Otavio.Paes 30/10/2020
(primeira publicação: 2014)
Uma boa introdução à Filosofia. Ferry tem uma didática incrível; consegue abordar temas e conceitos complexos de uma forma bem compreensível, como quando dá exemplos do cotidiano para explicá-los- sem com isso cair na superficialidade.
É escrito em forma de diálogo (entre Ferry e Capelier). Muitas vezes, Ferry acaba de comentar, analisar um assunto é então Capelier faz uma síntese do que disse seu interlocutor, já levantando uma nova questão, ou então expõe sua concepção sobre o assunto ou simplesmente faz uma pergunta (sempre pertinente); assim se dá a dinâmica da narrativa.

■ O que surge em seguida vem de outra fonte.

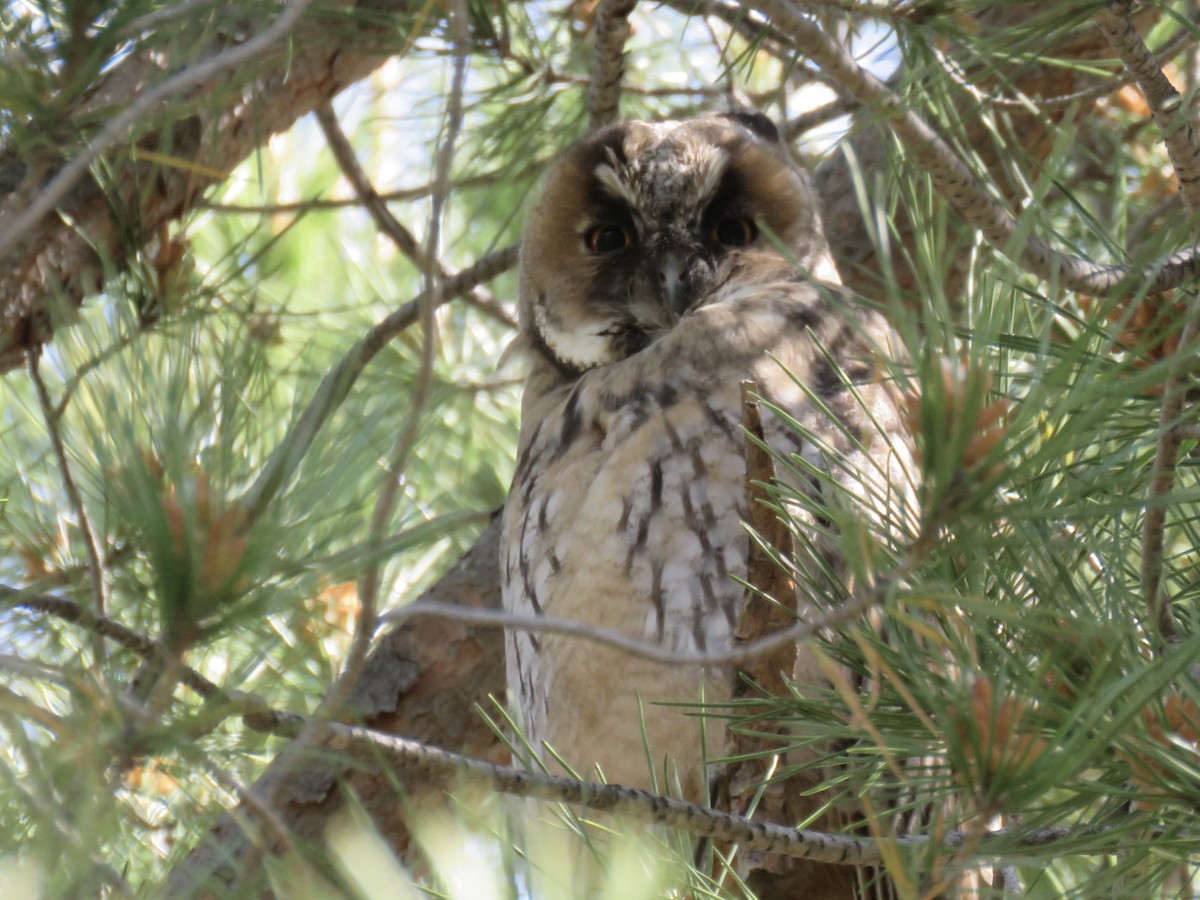 Long-eared Owl - ML618705473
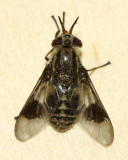 Chrysops aestuans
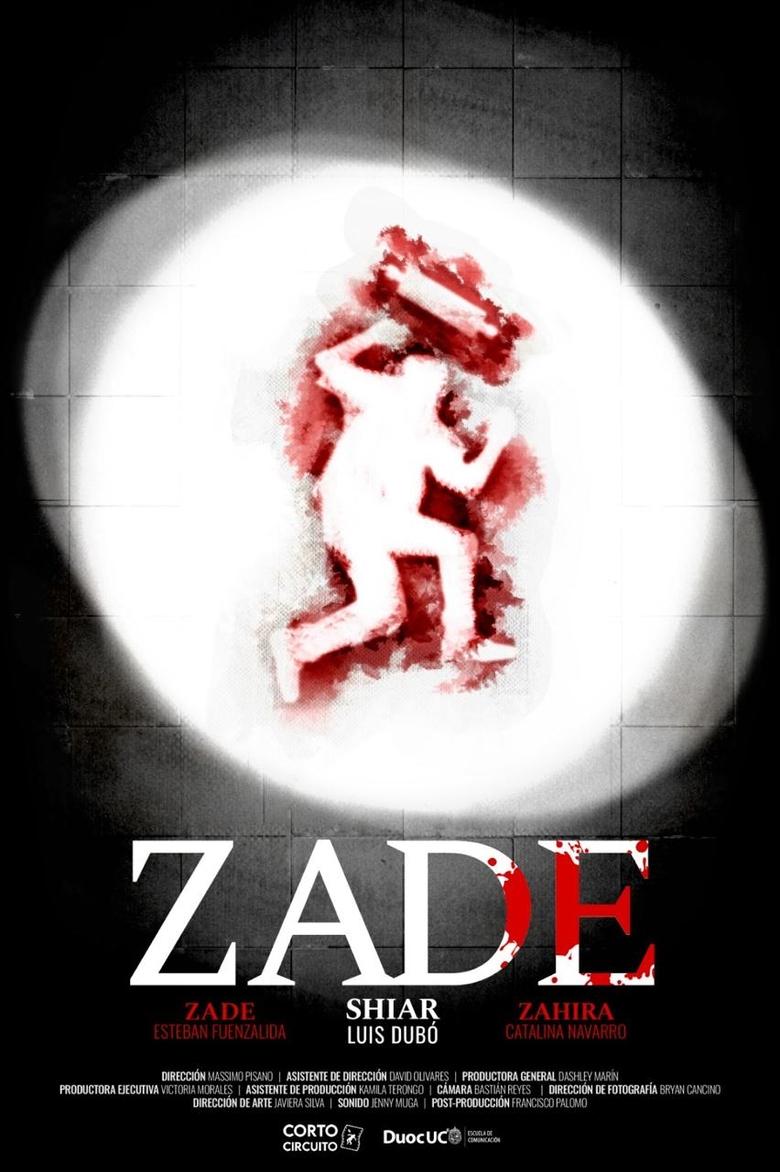 Poster of Zade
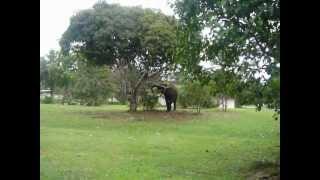 Elephant shaking Mango tree in Yenzi near Gamba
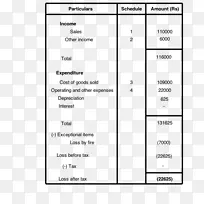 ������ʲ���ծ���������ҵ��-������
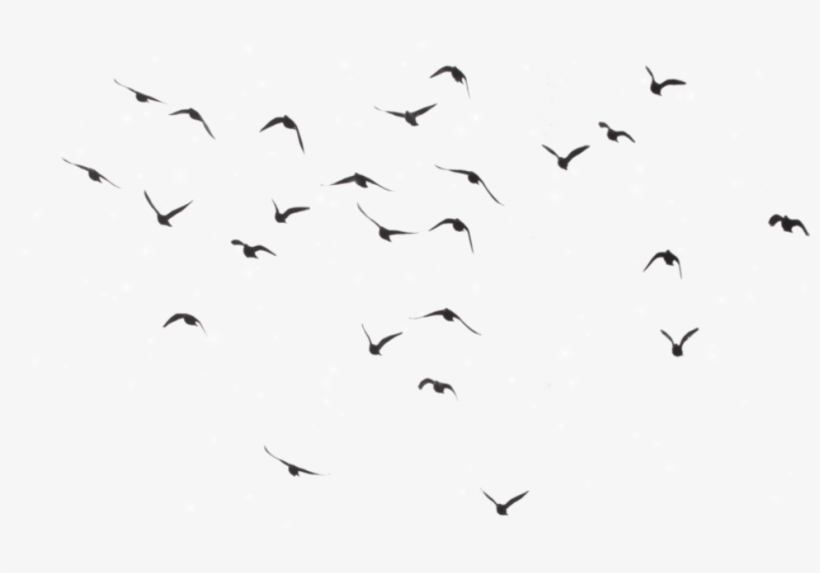Bird Birds Divergent Picsart @selenagomez-lamija - Birds Fly In The Sky Png, transparent png download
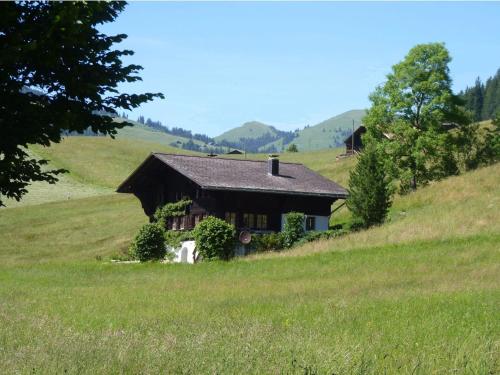 Apartment Aerneli- Chalet Appartement-Fewo- Dusche oder Bad- WC 6-Bettwohnung by Interhome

Ele começa respondendo a pergunta: o que é filosofia?. Depois vai trazer as ?cinco grandes respostas filosóficas?, respostas presentes, respectivamente, nos cinco períodos históricos da filosofia em sua divisão: Primeiro período, A Antiguidade- A ordem harmoniosa do cosmos; Segundo período, A era judaico-cristã- A salvação por Deus e pela fé; Terceiro período, O primeiro humanismo- A salvação pela História e o progressismo; Quarto período, O tempo da desconstrução; Quinto período, O advento do segundo humanismo.
Para Ferry, as três questões fundamentais de toda filosofia são: Teoria do conhecimento, moral e doutrina da salvação/ vida boa. E diz que tivemos a primeira filosofia completa(cobrindo essas questões) com Platão.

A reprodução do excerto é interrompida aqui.